15 KiB
RAG/REFRAG User Guide
Complete Guide to Retrieval-Augmented Fine-Tuning in Nanochat
This guide shows you how to fine-tune your nanochat Mamba or hybrid models using your own documents via RAG (Retrieval-Augmented Generation).
Table of Contents
- Quick Start
- Prerequisites
- Step 1: Prepare Your Documents
- Step 2: Build Knowledge Base
- Step 3: Fine-Tune with RAG
- Step 4: Use Your RAG Model
- Advanced: REFRAG Training
- Troubleshooting
- Best Practices
Quick Start
# 1. Create example dataset
python -m scripts.prepare_rag_dataset --mode example --output data/rag_examples
# 2. Fine-tune hybrid model with RAG
torchrun --standalone --nproc_per_node=8 -m scripts.rag_finetune \
--knowledge_base data/rag_examples/knowledge_base \
--source mid \
--retriever_type simple
# 3. Use the model (see Step 4)
Prerequisites
Required Packages
# Core dependencies (already in nanochat)
uv sync
# For dense retrieval (recommended)
uv pip install sentence-transformers faiss-cpu
# For BM25 retrieval (optional)
uv pip install rank-bm25
# For GPU-accelerated FAISS (optional)
# uv pip install faiss-gpu
Model Requirements
- ✅ Must use Mamba or hybrid model (block_pattern contains "M")
- ✅ Recommended: hybrid with early transformer, late Mamba
- ❌ Pure transformer models NOT supported (use for standard fine-tuning)
Step 1: Prepare Your Documents
Format Your Documents
Create a JSONL file where each line is a document:
{"id": "doc_001", "title": "Document Title", "content": "Your document content here...", "source": "optional"}
{"id": "doc_002", "title": "Another Document", "content": "More content...", "source": "optional"}
Example (my_documents.jsonl):
{"id": "policy_001", "title": "Return Policy", "content": "Customers can return items within 30 days of purchase with original receipt.

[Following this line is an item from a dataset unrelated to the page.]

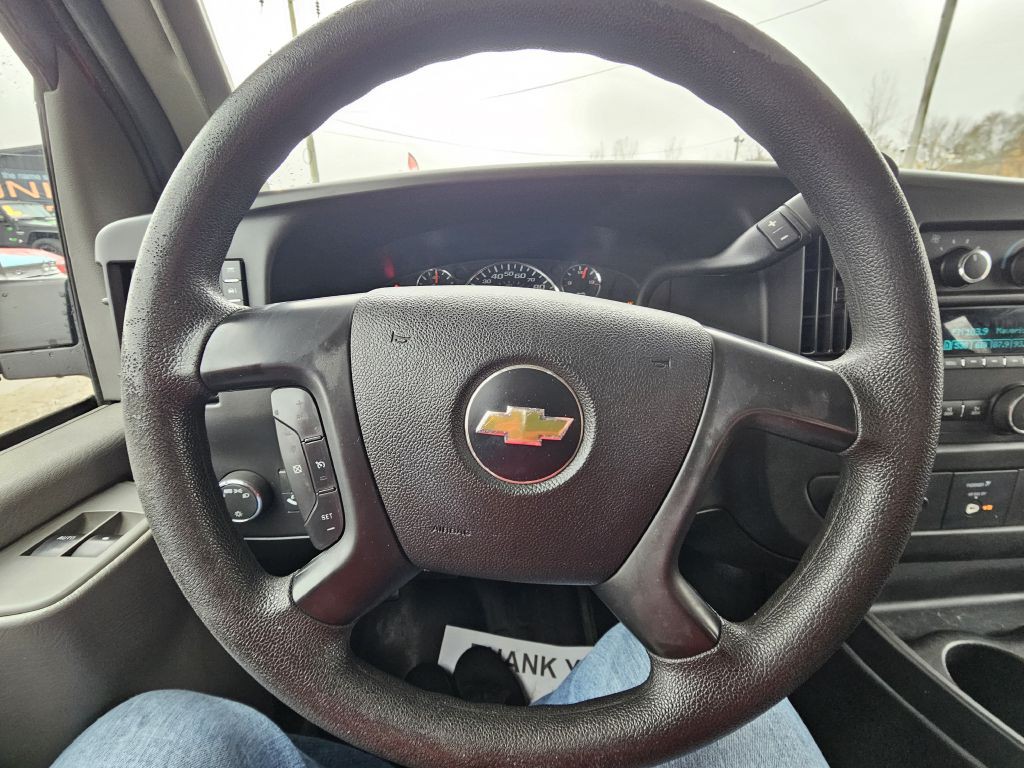2016 Chevrolet Express Image 24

Refunds are processed within 5-7 business days."}
{"id": "policy_002", "title": "Shipping Information", "content": "We offer free shipping on orders over $50. Standard shipping takes 3-5 business days. Express shipping is available for additional cost."}
{"id": "faq_001", "title": "Account Creation", "content": "To create an account, click the Sign Up button and provide your email address. You will receive a confirmation email to verify your account."}
Test with Example Dataset
# Generate example dataset for testing
python -m scripts.prepare_rag_dataset \
--mode example \
--output data/rag_examples
# This creates:
# - data/rag_examples/documents.jsonl (10 example docs)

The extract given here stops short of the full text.